Since McNerney joined Boeing, its shares have performed no better than the Dow Jones Industrial Average. As a matter for fact, the stock has dropped 15% over the past five years. Boeing has blundered enough since McNerney became CEO that it is a wonder he has kept his own job.
McNerney objects to the fact that McDonald has dropped earnings estimates three times over the past year. McNerney has conveniently forgotten that Boeing revised its earnings down in early 2009. Boeing also dropped earnings projections in 2003. The multiple delays of the Boeing 787 Dreamliner flagship are the stuff of mismanagement legend. McNerney should have been dismissed long ago, if earnings and executive performance are the primary yardsticks.
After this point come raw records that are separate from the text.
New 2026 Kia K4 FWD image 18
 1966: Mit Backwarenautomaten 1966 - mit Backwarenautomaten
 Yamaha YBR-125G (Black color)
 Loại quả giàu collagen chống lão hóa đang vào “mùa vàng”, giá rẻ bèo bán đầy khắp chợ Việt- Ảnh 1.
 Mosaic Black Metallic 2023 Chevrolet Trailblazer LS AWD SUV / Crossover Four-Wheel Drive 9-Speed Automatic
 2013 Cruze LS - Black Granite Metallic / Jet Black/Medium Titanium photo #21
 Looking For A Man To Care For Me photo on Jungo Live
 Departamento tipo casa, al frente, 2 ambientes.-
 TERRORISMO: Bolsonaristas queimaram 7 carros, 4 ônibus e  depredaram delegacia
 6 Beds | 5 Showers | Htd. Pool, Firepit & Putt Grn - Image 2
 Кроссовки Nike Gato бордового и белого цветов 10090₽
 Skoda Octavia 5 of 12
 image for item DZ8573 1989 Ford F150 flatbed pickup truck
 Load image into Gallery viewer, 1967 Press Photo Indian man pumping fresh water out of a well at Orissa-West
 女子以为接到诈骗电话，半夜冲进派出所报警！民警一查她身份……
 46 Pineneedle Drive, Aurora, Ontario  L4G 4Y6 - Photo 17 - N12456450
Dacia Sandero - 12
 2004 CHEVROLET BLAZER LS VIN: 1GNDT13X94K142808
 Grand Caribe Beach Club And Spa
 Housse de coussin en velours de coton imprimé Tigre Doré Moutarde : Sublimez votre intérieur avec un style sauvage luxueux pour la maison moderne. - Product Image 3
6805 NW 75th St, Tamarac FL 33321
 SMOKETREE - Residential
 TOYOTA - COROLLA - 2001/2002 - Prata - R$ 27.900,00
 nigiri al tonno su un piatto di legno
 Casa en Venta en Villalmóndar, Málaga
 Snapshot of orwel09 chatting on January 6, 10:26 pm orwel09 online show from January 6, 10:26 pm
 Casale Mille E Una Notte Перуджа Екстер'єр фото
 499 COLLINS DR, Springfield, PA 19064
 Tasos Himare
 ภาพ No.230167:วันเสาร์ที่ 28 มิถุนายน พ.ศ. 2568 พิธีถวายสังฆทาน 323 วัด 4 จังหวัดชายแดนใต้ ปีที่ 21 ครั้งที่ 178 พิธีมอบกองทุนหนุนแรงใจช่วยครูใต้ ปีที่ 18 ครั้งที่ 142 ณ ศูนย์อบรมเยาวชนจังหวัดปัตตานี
One problem that P&G’s board has with the McDonald issue is that its board members erred when they made McNerney one of the primary judges of McDonald’s performance. Because of McNerney’s own performance, the board should have named another of its members to act as head of its compensation and leadership development committee.
McDonald’s tenure as the chief executive of P&G may have been marred by slow sales growth and disappointing profits. The steward of one of the great corporate brands in the world probably should have done better. Ultimately, if P&G has not lived up to its promise, McDonald deserves the blame. And underperformance may cost him his job.
If the board does fire McDonald, it will be a great shame that McNerney is one of the judges.